Karla T Souza1, Allan AL Pereira1, Raphael L Araujo2, Suilane Coelho Ribeiro Oliveira3, Paulo M Hoff1 and Rachel P Riechelmann1

1Department of Radiology and Oncology, Instituto do Cancer do Estado de São Paulo, São Paulo 01246-000, Brazil

2Department of Upper Gastrointestinal and Hepato-Pancreato-Biliary Surgery, Barretos Cancer Hospital, Barretos 14784-400, Brazil

3Universidade Estadualdo Piaui, Teresina 64049522, Brazil

Correspondence to: Rachel Pimenta Riechelmann. E-mail: rachelri2005@gmail.com


Abstract

Background: The standard treatment for localised squamous cell carcinoma of the anal canal (SCCAC) is chemoradiotherapy (CRT) with infusional 5-fluorouracil (5-FU) and mitomycin. Because 5-FU and capecitabine have offered similar efficacy in many phase-III trials of solid tumours, studies have tested capecitabine in this setting of SCCAC. However, these studies are small and have reported variable results. Therefore, a systematic review and meta-analysis was performed.

Methods: Medline, Scopus and Embase were searched for studies that evaluated the efficacy outcomes of capecitabine used as a substitute of 5-FU in the CRT of localised SCCAC. The primary endpoint was complete response rate (CRR) at 6 months. Metaprop analysis of reported CRR-based on pooled estimates of proportions with corresponding 95% confidence intervals (95%CI) were calculated on the base of the Freeman-Tukey double arcsine transformation.

Results: We retrieved 300 studies, of which six met our eligibility criteria. The capecitabine dose ranged from 500 mg/m2 to 825 mg/m2 BID for 5 days per week during radiation. With a total of 218 patients, the median follow-up was 21.5 months (14–23). The pooled analysis of three trials (N = 132 patients) reported a CRR at 6 months of 88% (83%–94%), considering all clinical stages. The pooled analysis of overall CRR (N = 218 patients), evaluated at different intervals, showed an overall CRR of 91% (87%–95%). Rates of locoregional relapse varied from 3.2% to 21%. The majority of patients completed the planned radiotherapy dose (93.5%–100%) and any chemotherapy interruption was reported in up to 55.8% of patients.

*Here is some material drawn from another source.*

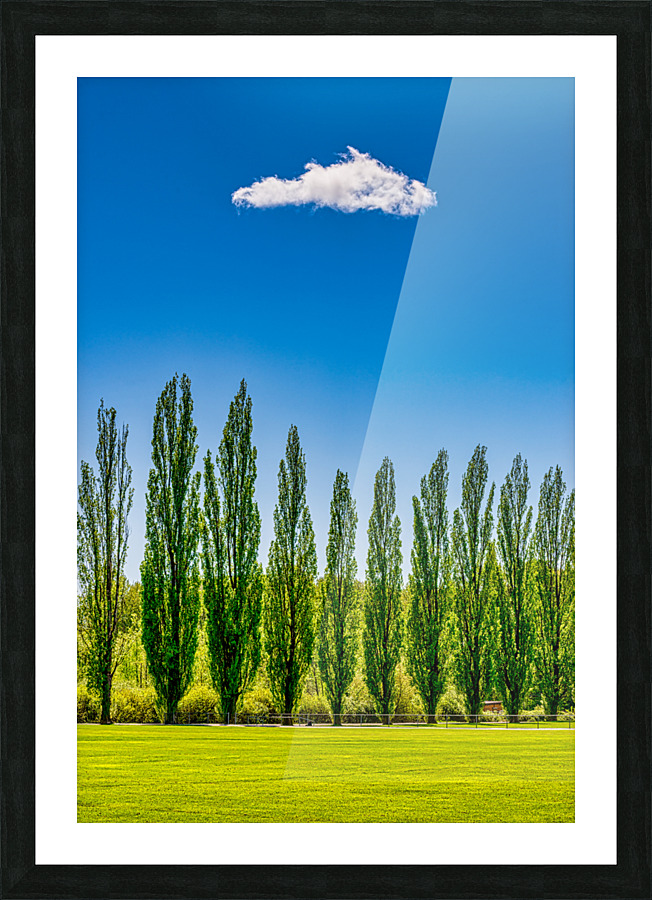 SUMMER LANDSCAPE Picture Frame print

Conclusions: Capecitabine is an acceptable and more convenient alternative to infusional 5-FU in the CRT for localised SCCAC, offering similar clinical CRR to those reported by phase-III trials.

Keywords: capecitabine, anal canal neoplasm, anus neoplasm, anal cancer, chemoradiation

Copyright: © the authors; licensee ecancermedicalscience. This is an Open Access article distributed under the terms of the Creative Commons Attribution License (http://creativecommons.org/licenses/by/3.0), which permits unrestricted use, distribution, and reproduction in any medium, provided the original work is properly cited.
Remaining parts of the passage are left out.